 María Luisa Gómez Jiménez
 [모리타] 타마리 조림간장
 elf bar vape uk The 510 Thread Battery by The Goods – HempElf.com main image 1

### Your objective
Write each line of the data above out again without altering a word.

### Reply
 María Luisa Gómez Jiménez
 [모리타] 타마리 조림간장
 elf bar vape uk The 510 Thread Battery by The Goods – HempElf.com main image 1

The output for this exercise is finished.